How many different dimes can be made with 1, 2, and 5 cents? Coins can be reused.

This is a direct solution. The basic idea is to classify all the solutions according to the individual rescue of 1 nickel.

Suppose there are 20 nickels and there is no dichotomy, so there is only one way. Suppose there are 19 nickels, and the monetary value is 5× 19 = 95 cents, then the total monetary value should not exceed 1 yuan = 100 cents, and the monetary value of the taken two cents should not exceed 5 cents. Obviously,

1+3+6+8+ 1 1+ 13+……+48+5 1

=( 1+48)+(3+46)+(6+43)+……+(23+26)+5 1

=49× 10+5 1

=54 1 (species)

Answer: * * * There are 54 1 combinations.
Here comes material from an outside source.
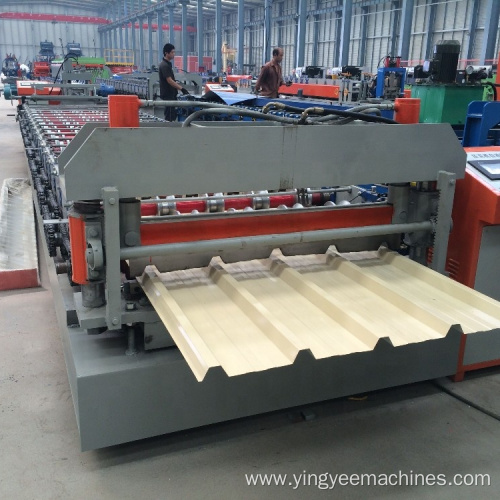 steel roof sheet roll forming machine Trapezoid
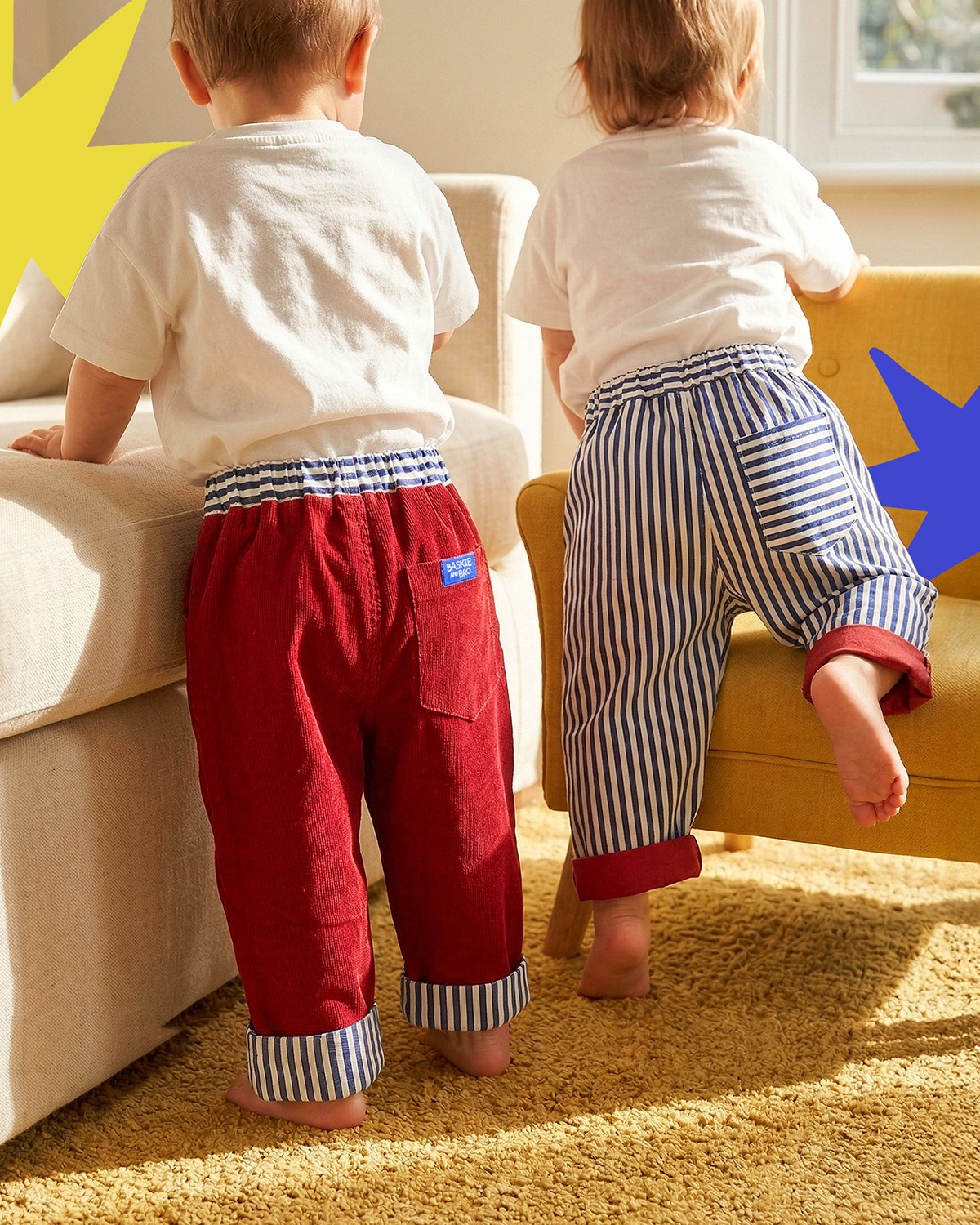 Flip n Go - Carni Pants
Solution 2 This is a smart and simple algorithm.

Divide 50 binary coins and 20 nickels into two groups A and B. Because the total currency value of these coins is 50×2+20×5=200 (cents), the currency values of the two groups are nothing more than the following three situations.

(1) The money in group A is less than 1 yuan, and the money in group B is more than1yuan.
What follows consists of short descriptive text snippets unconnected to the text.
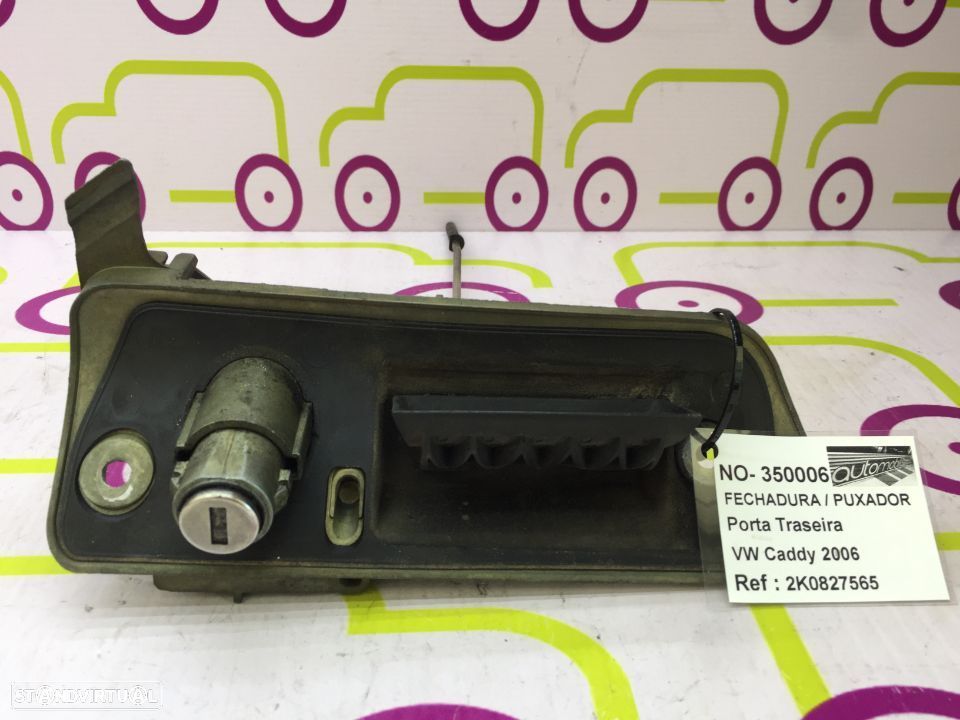 Fechadura Porta Traseira Volkswagen Caddy de 2006 - Ref: 5K1837016E - NO350006 - 4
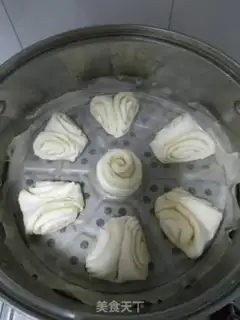 Make Sesame oil rolls step 9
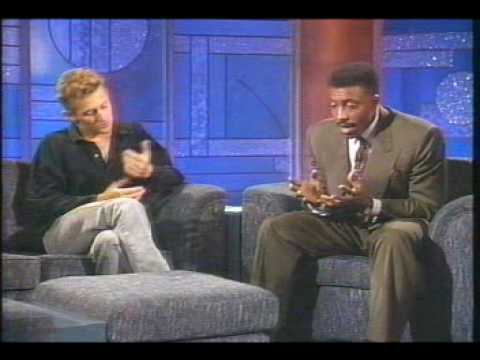 Alex Winter on Arsenio - 7/18/91 part one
(2) Group A has one yuan more money and Group B has less money 1 yuan.

(3) The money in Group A and Group B is equal, which is one yuan.

There are two points to pay special attention to here: First, case (1) and case (2) are symmetrical, but A and B are interchanged. Second, all the possibilities of (1) plus all the possibilities of (3) are the answers to our questions.

What are (1) and (3)?

First, calculate how many different ways to group the above * * * totals. Because there are 50 binary coins, there are 5 1 ways to divide them. Similarly, there are 20 nickels, so there are 2 1 ways to divide them. Therefore, there are always * * *, and there are 2 1 division methods.

Let's take a look at how many ways to divide the money in group A and group B when they are all one yuan. Obviously, there must be an even number of nickels at this time (why? ), so the number of nickels can be 0, 2, ..., 20 and * * * can be divided into eleven ways.

According to the symmetry of case (1) and case (2), it is easy to know the number of (1× 511) ÷ 2 = 530.

The number of (1) plus the number of (3) is 530+11= 541(species). This is the answer.

This is a problem that combines thinking and calculation. Many students use the scheme of 1. But most of them didn't understand correctly. It may be unclear. Learning "number" is the basic skill of mathematics, and we can't be careless. To improve your "number" ability, try another method.